What to do: Repeat, exactly as written, the lines of the records below from the first through the line with "3rd image of 8222 261st St", but none past it.

(Collection entries)
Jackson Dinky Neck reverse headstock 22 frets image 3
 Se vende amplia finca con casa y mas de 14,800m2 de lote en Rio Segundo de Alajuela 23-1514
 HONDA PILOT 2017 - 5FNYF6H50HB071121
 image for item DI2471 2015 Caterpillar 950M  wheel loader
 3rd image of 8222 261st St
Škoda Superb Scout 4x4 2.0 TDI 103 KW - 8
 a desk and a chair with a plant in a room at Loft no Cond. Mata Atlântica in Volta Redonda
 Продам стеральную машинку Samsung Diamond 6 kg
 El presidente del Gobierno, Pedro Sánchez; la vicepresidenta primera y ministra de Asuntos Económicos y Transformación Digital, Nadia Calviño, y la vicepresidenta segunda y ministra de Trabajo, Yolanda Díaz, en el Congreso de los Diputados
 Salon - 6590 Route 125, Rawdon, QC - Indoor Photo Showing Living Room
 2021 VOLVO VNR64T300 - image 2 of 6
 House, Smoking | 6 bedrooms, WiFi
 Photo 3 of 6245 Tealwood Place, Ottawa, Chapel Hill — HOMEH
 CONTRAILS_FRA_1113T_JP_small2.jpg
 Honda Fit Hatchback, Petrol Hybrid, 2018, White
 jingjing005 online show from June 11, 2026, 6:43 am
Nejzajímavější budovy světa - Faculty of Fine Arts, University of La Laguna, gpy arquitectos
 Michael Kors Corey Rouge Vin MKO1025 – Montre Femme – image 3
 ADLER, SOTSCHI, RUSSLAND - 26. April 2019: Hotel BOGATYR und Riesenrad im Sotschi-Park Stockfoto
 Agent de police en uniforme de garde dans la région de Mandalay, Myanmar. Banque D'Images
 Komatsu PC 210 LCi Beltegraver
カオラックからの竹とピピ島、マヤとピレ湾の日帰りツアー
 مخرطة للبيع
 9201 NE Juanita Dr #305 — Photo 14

Result for this exercise:
Jackson Dinky Neck reverse headstock 22 frets image 3
 Se vende amplia finca con casa y mas de 14,800m2 de lote en Rio Segundo de Alajuela 23-1514
 HONDA PILOT 2017 - 5FNYF6H50HB071121
 image for item DI2471 2015 Caterpillar 950M  wheel loader
 3rd image of 8222 261st St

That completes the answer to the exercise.